Revealing the former bed of Thwaites Glacier using sea-floor bathymetry: implications for warm-water routing and bed controls on ice flow and buttressing
Hogan, Kelly A.; Larter, Robert D.; Graham, Alastair G.C.; Arthern, Robert; Kirkham, James D.; More... Minzoni, Rebecca Totten; Jordan, Tom A.; Clark, Rachel; Fitzgerald, Victoria; Wåhlin, Anna K.; Anderson, John B.; Hillenbrand, Claus-Dieter; Nitsche, Frank O.; Simkins, Lauren; Smith, James A.; Gohl, Karsten; Arndt, Jan Erik; Hong, Jongkuk; Wellner, Julia Less...
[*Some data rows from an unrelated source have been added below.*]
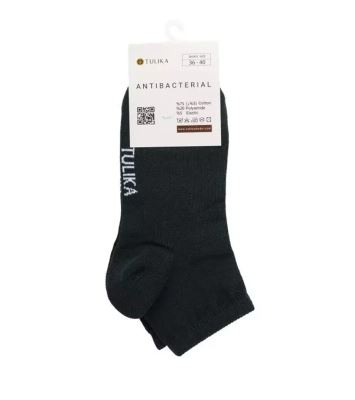 جوراب نیم ساق پنبه ای هلین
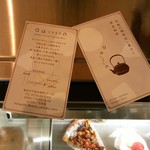 □△ときどき〇 - 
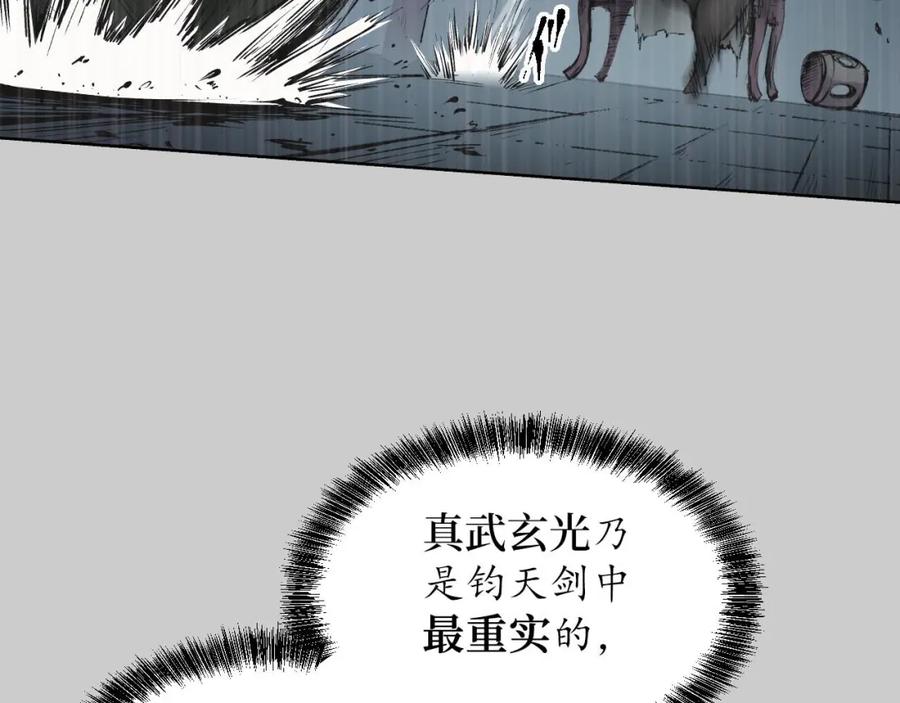 藏锋行 第74回 烈焰之刃 第63页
The geometry of the sea floor immediately beyond Antarctica's marine-terminating glaciers is a fundamental control on warm-water routing, but it also describes former topographic pinning points that have been important for ice-shelf buttressing. Unfortunately, this information is often lacking due to the inaccessibility of these areas for survey, leading to modelled or interpolated bathymetries being used as boundary conditions in numerical modelling simulations. At Thwaites Glacier (TG) this critical data gap was addressed in 2019 during the first cruise of the International Thwaites Glacier Collaboration (ITGC) project. We present more than 2000 km2 of new multibeam echo-sounder (MBES) data acquired in exceptional sea-ice conditions immediately offshore TG, and we update existing bathymetric compilations. The cross-sectional areas of sea-floor troughs are under-predicted by up to 40 % or are not resolved at all where MBES data are missing, suggesting that calculations of trough capacity, and thus oceanic heat flux, may be significantly underestimated. Spatial variations in the morphology of topographic highs, known to be former pinning points for the floating ice shelf of TG, indicate differences in bed composition that are supported by landform evidence. We discuss links to ice dynamics for an overriding ice mass including a potential positive feedback mechanism where erosion of soft erodible highs may lead to ice-shelf ungrounding even with little or no ice thinning. Analyses of bed roughnesses and basal drag contributions show that the sea-floor bathymetry in front of TG is an analogue for extant bed areas. Ice flow over the sea-floor troughs and ridges would have been affected by similarly high basal drag to that acting at the grounding zone today. We conclude that more can certainly be gleaned from these 3D bathymetric datasets regarding the likely spatial variability of bed roughness and bed composition types underneath TG. This work also addresses the requirements of recent numerical ice-sheet and ocean modelling studies that have recognised the need for accurate and high-resolution bathymetry to determine warm-water routing to the grounding zone and, ultimately, for predicting glacier retreat behaviour.